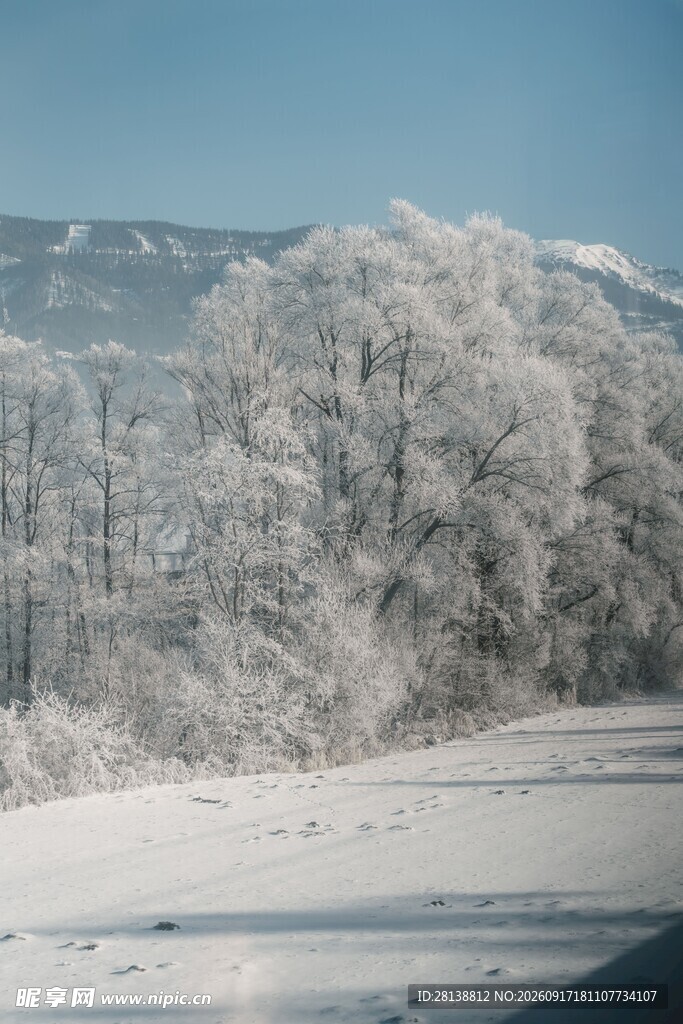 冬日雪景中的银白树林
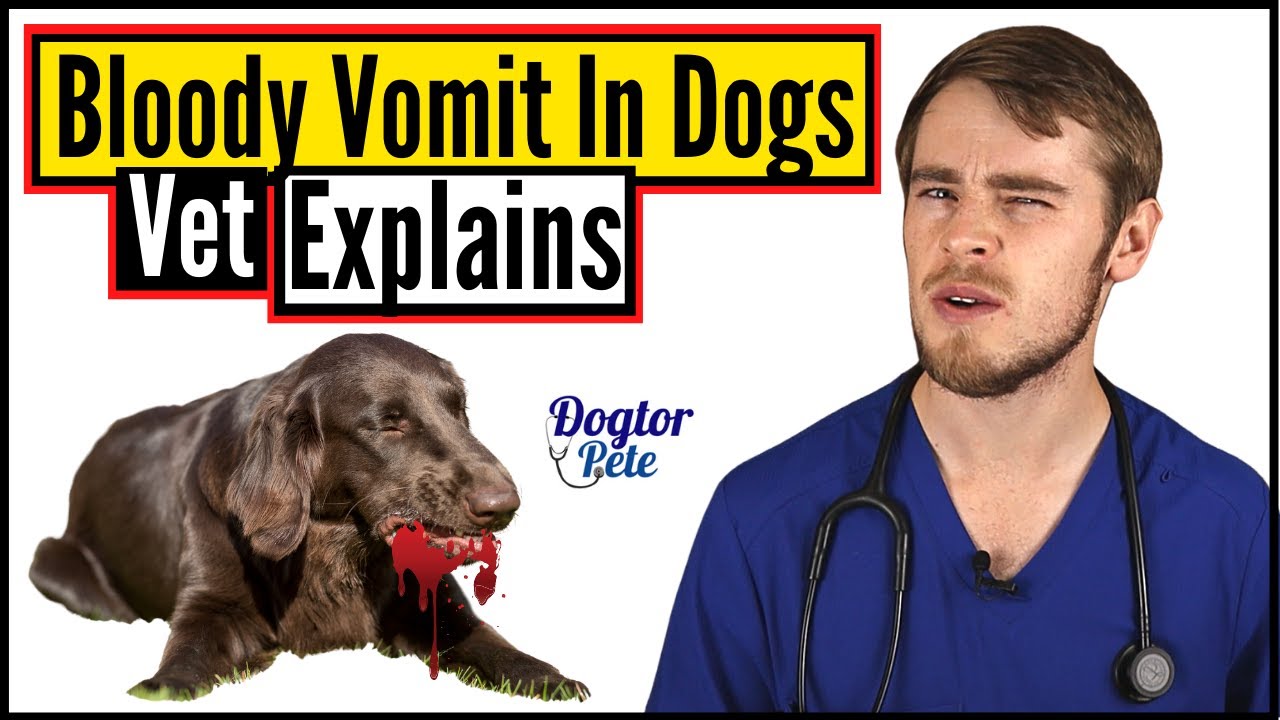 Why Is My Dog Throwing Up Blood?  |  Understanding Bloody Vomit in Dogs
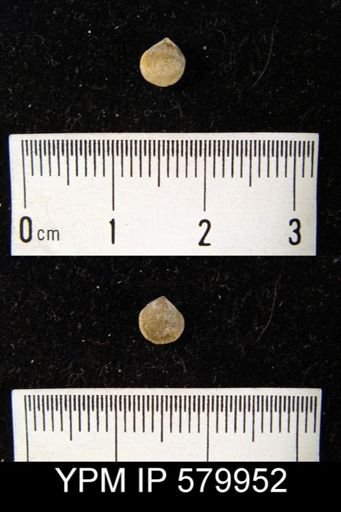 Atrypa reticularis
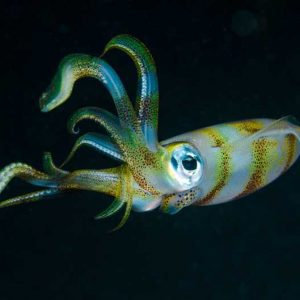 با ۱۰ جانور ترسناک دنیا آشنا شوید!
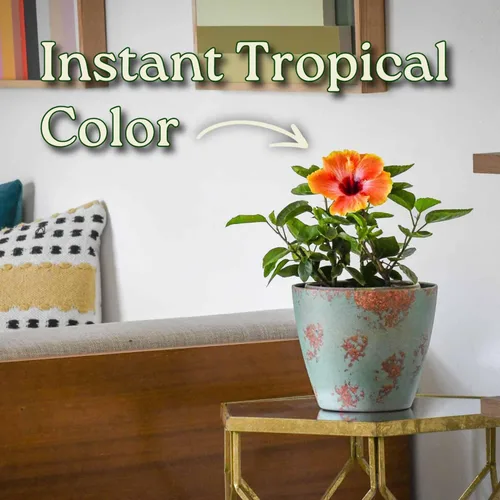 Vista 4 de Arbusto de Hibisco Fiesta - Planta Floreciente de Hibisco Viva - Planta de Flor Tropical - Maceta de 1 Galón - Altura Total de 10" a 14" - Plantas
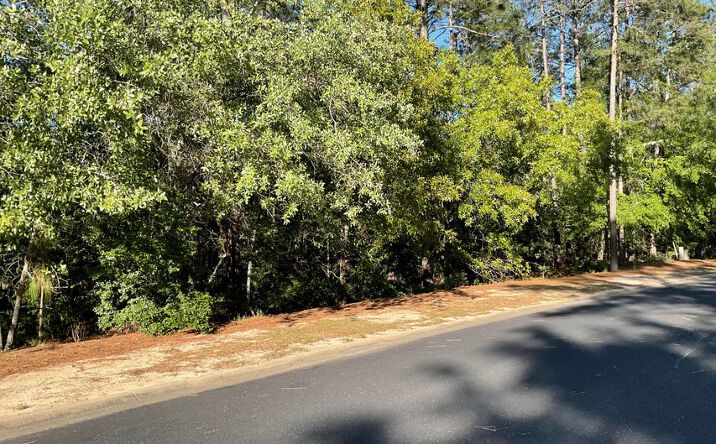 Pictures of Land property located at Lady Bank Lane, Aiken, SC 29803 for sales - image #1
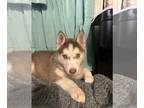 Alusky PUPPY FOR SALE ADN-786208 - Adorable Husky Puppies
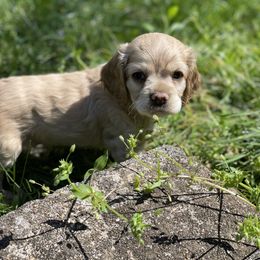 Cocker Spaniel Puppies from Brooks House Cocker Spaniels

====

### What this task involves
Print every entry exactly; omit the pictures.

### Written answer
 冬日雪景中的银白树林
 Why Is My Dog Throwing Up Blood?  |  Understanding Bloody Vomit in Dogs
 Atrypa reticularis
 با ۱۰ جانور ترسناک دنیا آشنا شوید!
 Vista 4 de Arbusto de Hibisco Fiesta - Planta Floreciente de Hibisco Viva - Planta de Flor Tropical - Maceta de 1 Galón - Altura Total de 10" a 14" - Plantas
 Pictures of Land property located at Lady Bank Lane, Aiken, SC 29803 for sales - image #1
 Alusky PUPPY FOR SALE ADN-786208 - Adorable Husky Puppies
 Cocker Spaniel Puppies from Brooks House Cocker Spaniels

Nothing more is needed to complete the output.